Our vegetable garden is light-compromised. Daily the sun sinks farther behind the tree line. Now the main produce is kale, everbearing red raspberries, beet greens, peppers, leeks, small salads, and bush beans. Here, pole beans and tomatoes are largely kaput, but they continue in gardens elsewhere.
For ornament, dahlias, marigolds, cardoons, and zinnias carry on. Nasturtiums are going into overdrive, with easy-to-save seed ripening now. A homemade wall system for next season’s strawberries holds plants in insert pots. These will be heeled in for the winter later, under garden soil.
Being on a well makes for being super-mindful about watering; when I do, using a timer, the plants’ outputs respond immediately.
‘Kosmic’ kale
The beautiful, variegated perennial kale bred by Dick Degenhardt in the nursery hub of Boskoop, Netherlands, is an outstanding ornamental edible. Interest in ‘perennializing’ what is possible in vegetable gardens is increasing, because most of what we grow to eat in zone 7A is annual.
Annuals must be reseeded each year; seed must be farmed and purchased, or saved by the gardener. Seed crops may fail. Perennial vegetables are an essential part of the sustainable garden. One plant, however, is not enough to prove the point about perennial vegetables; the coming winter will test the potential of ‘Kosmic.’
I purchased one ‘Kosmic’ plant, along with a perennial collard, ‘Purple Tree,’ from Territorial Seed Co. It is a nice addition to the vegetable garden. Decorative, too — visualize it in a mixed flower bed (as pictured, with flowering sedum).
New designs and challenges
Is there room to add plants or plantings that interest you? To remove others? Is shrinking the lawn while enlarging the garden provoking debates within households? Is it unthinkable to reimagine a well-loved, familiar area in a new configuration? Will wildlife destroy what has been planned?
What will change with the eventual loss of the many beeches and their dense canopy? At the moment, the increased light reaching the woodland floor is encouraging combinations of wild natives and introduced nonnative plants: woody vines such as bittersweet, poison ivy, and Virginia creeper; wineberries, greenbriar, and Japanese honeysuckle, sarsaparilla. They grow fast to fill the vacuum the beeches leave.
Island autumn is the time to take action if these questions apply. Transplant shock will be less, the ground is more workable, and changing light reminds that our sun is not always the “giant light bulb,” directly overhead, in the sky. The questions are reminders that there is nothing static about gardens.
Wildlife impacts? Or ours?
Island gardeners are learning that there is no foolproof deer-resistant plant, despite what plant tags say. The half-dozen very poisonous, deep blue aconites I planted as surefire, deer-proof additions to a shady bed are eaten down to the nibs.
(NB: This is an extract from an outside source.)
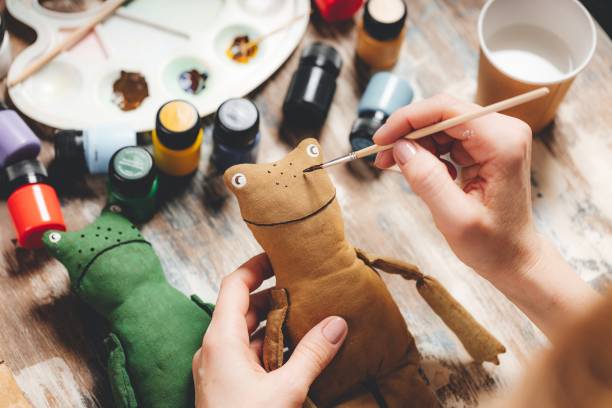 istock Handmade soft Doll frog. DIY gift crafting. Human hands hold frog soft toy. Needlework accessories on grey background. Handmade house decor. Process of making a vintage soft toy. Home workshop. 1370152778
Crape myrtles formerly ignored are browsed.
We are shrinking the habitat available to wildlife, which is tempted into human precincts to see what there is to eat.
Daily, one passes the landscapers’ trucks laden with the Island’s vegetation, poor Martha’s flesh and blood, ripped out by the roots to provide time-shares, short-term rentals, and “estates.”
Returning home after work, the scenery is so laden with beautiful vignettes that I feel sadness for the widespread clearing to make way for cookie-cutter, overperfected landscapes. The people from away do not seem to be content with what is uniquely already here. Instead, the Vineyard must be improved and made interchangeable with elsewhere.